In March 2011, an 8.9 magnitude earthquake and a 23-foot tsunami hit Japan. Thousands of Japanese people tragically lost their lives, and hundreds of thousands of people were forced to relocate away from the crippled Fukushima nuclear power station.[1]
At the same time, the quake sent its own shockwaves throughout the supply chain of the auto industry. Japanese production of Honda and Toyota vehicles was suspended, but so were the electronic chips and boards that appeared in cars made throughout the world. General Motors was forced to suspend production of pickup trucks in its Shreveport, Louisiana assembly plant due to parts shortages. And other U.S. manufacturers, Ford and Chrysler, took weeks to steady out their parts supplies to keep production lines going at normal rates. In retrospect, it was evident that these car manufacturers were too dependent on the region of Japan that was affected by the quake and tsunami, but a car has thousands of parts; how can a business know what will affect its supply chain and its ability to continue to do business when there are so many things in need of our attention?
In our supply chains, we are dependent on others to provide our businesses’ inputs: raw materials, parts, equipment, tools, supplies. We need everything from paper clips to toilet paper to make our businesses run, but we face risks in our supply chain.

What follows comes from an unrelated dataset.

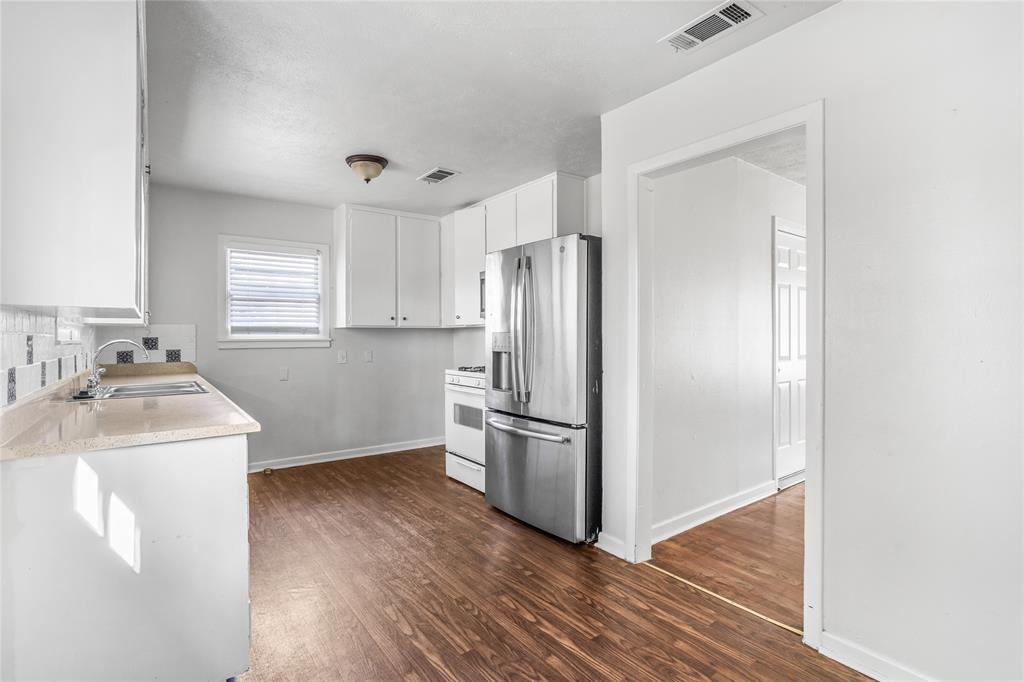 Boaz Z Country Place Add - Residential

Questions to Determine Risk in the Supply Chain
- Quantity: Can the supplier provide goods and services in sufficient quantities to meet our needs? Have we forecast our needs accurately?
- Quality: Do the goods and services meet our requirements, and are those requirements set at a level to add value to our business processes? Are there any defects in the goods or services that could harm people, property or the business?
- Costs: Is the cost of the goods and services sufficiently low to allow our business to operate profitably? Will the cost of the goods or services increase to become uneconomic to continue to purchase?
- Reliability and Timing: Will the supplier provide what they have promised whenever my company needs it and in the form in which we need it? Will my company get the value it expects and is paying for? Will the goods be transported properly and arrive intact? Is the supplier in good financial health to continue to provide the goods and services we need?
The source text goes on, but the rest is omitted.